The decision to constitute an 11-member team was reached when Education PS James ole Kiyiapi met representatives of affected schools on Tuesday.
The team, made up of five representatives of the Education ministry and four from private schools, is scheduled to begin its work on Monday and will deliberate for two weeks.
Kenya Primary School Head teachers Association chairman Joseph Karuga and his secondary schools counterpart Cleophas Tirop will represent schools.
The ministry is drawing up its list of nominees. “We will refine the selection formula and make it more predictable to all stakeholders by ensuring that equity, regional balance, and merit are met,” said Prof Kiyiapi.
“After the technical committee presents its findings we hope that students will be able to make informed decisions as early as March,” he added.
It also emerged that the ministry had done a manual re-selection of candidates who scored over 400 marks and had missed out on schools of their choice.
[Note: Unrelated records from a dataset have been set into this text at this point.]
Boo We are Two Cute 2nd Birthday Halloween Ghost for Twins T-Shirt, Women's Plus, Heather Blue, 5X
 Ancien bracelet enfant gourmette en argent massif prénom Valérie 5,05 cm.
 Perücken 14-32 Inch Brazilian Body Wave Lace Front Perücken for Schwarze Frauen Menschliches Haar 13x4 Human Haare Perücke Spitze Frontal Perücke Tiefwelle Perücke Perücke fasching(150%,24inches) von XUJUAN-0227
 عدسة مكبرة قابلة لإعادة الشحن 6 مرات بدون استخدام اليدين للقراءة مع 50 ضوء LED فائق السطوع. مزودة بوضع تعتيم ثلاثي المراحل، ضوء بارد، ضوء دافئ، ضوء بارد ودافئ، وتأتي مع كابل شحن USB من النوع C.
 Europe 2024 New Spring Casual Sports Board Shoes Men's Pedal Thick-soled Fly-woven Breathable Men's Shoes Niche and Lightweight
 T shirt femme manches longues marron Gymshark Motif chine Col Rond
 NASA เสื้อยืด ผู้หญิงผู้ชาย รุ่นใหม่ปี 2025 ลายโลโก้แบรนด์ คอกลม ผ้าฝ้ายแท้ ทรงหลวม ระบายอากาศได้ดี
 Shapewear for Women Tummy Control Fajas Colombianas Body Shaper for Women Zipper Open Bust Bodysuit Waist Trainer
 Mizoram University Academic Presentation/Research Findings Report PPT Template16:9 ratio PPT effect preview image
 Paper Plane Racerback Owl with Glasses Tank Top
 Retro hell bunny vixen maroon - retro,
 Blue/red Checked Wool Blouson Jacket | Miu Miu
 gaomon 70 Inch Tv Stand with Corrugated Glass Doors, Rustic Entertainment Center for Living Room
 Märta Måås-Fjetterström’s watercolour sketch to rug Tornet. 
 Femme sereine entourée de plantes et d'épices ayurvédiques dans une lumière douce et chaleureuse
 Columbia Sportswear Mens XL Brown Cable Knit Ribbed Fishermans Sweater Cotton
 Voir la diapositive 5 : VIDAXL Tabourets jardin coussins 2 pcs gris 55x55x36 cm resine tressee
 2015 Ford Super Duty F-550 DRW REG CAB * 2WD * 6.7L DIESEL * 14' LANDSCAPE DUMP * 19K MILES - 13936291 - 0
“We will forward our list of nominees even as we continue working on a comprehensive list of recommendations regarding the matter,” said Mr John Kabui, the Kenya Private Schools Association (KPSA) chairman. Mr Kabui will be part of the task force.
Last month, KPSA went to court, for the second year in a row, seeking to have the ministry review the criteria which has seen more students from public primary schools join national secondary schools. Though judge G.B.M Kariuki did not grant a halt to the selection process, he directed that Education minister Sam Ongeri makes public the criteria used in the exercise.
The district quota formula in use saw 65 per cent of national school slots go to students from public primary schools with the balance allotted to their colleagues from private schools.
However, KPSA has in the past maintained that admission should be based on merit as opposed to the type of school pupils attend.
“This is what we have been calling for and with this task force we can now see some light at the end of the tunnel,” said Mr Kabui. The ministry seems to have shelved its hard stance, warming up to talks with private schools’ representatives.
During the launch of the Form One selection process last month, the ministry advised the private sector to invest more in secondary schools as opposed to “fighting” the ministry’s directives.
At the time, Prof Kiyiapi defended the criteria arguing that if all children were allowed to go to schools of their choice they would select top schools while it’s impossible for all to get positions there.